▶ [What to do] Transcribe the records below exactly as written, from the opening line through the line that contains "and Cartoons fashions".

BEGIN Given entries

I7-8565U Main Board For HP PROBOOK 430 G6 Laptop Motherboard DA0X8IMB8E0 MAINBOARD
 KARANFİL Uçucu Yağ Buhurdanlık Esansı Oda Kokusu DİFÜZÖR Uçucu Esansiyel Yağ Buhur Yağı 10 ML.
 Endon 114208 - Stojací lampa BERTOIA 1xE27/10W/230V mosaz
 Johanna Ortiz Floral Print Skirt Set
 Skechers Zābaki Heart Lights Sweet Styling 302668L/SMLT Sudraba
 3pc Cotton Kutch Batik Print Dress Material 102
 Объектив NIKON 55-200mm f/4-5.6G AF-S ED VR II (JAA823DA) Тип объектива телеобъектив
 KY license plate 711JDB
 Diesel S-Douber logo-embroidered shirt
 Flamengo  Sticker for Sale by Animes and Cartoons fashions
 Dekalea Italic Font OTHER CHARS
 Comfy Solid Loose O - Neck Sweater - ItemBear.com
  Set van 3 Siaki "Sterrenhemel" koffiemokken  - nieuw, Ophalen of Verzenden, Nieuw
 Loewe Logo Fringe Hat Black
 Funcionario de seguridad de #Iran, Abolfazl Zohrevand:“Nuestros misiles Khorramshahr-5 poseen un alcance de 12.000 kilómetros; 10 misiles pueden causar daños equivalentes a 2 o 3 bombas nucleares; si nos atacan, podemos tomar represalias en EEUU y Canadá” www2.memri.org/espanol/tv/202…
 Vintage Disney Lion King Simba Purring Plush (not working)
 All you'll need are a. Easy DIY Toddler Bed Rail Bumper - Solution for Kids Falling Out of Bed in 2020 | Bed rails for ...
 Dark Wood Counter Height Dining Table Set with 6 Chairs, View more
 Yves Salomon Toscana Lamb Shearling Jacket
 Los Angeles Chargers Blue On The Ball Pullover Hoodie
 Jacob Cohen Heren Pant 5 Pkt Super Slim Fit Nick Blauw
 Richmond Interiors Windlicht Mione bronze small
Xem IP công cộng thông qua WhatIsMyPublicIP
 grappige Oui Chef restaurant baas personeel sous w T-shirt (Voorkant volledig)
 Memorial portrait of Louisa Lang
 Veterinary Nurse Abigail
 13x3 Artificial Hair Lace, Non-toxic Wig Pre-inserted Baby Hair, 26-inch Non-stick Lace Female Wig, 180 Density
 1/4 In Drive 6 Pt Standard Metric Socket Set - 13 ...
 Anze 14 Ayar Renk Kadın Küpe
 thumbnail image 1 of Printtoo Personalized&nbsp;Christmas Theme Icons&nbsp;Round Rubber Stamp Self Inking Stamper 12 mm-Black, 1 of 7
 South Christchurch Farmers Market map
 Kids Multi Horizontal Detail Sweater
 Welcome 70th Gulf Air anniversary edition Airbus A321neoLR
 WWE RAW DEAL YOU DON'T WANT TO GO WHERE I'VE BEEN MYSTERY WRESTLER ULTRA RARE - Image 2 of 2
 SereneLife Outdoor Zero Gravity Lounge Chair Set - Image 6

END Given entries

▶ [Exercise answer]
I7-8565U Main Board For HP PROBOOK 430 G6 Laptop Motherboard DA0X8IMB8E0 MAINBOARD
 KARANFİL Uçucu Yağ Buhurdanlık Esansı Oda Kokusu DİFÜZÖR Uçucu Esansiyel Yağ Buhur Yağı 10 ML.
 Endon 114208 - Stojací lampa BERTOIA 1xE27/10W/230V mosaz
 Johanna Ortiz Floral Print Skirt Set
 Skechers Zābaki Heart Lights Sweet Styling 302668L/SMLT Sudraba
 3pc Cotton Kutch Batik Print Dress Material 102
 Объектив NIKON 55-200mm f/4-5.6G AF-S ED VR II (JAA823DA) Тип объектива телеобъектив
 KY license plate 711JDB
 Diesel S-Douber logo-embroidered shirt
 Flamengo  Sticker for Sale by Animes and Cartoons fashions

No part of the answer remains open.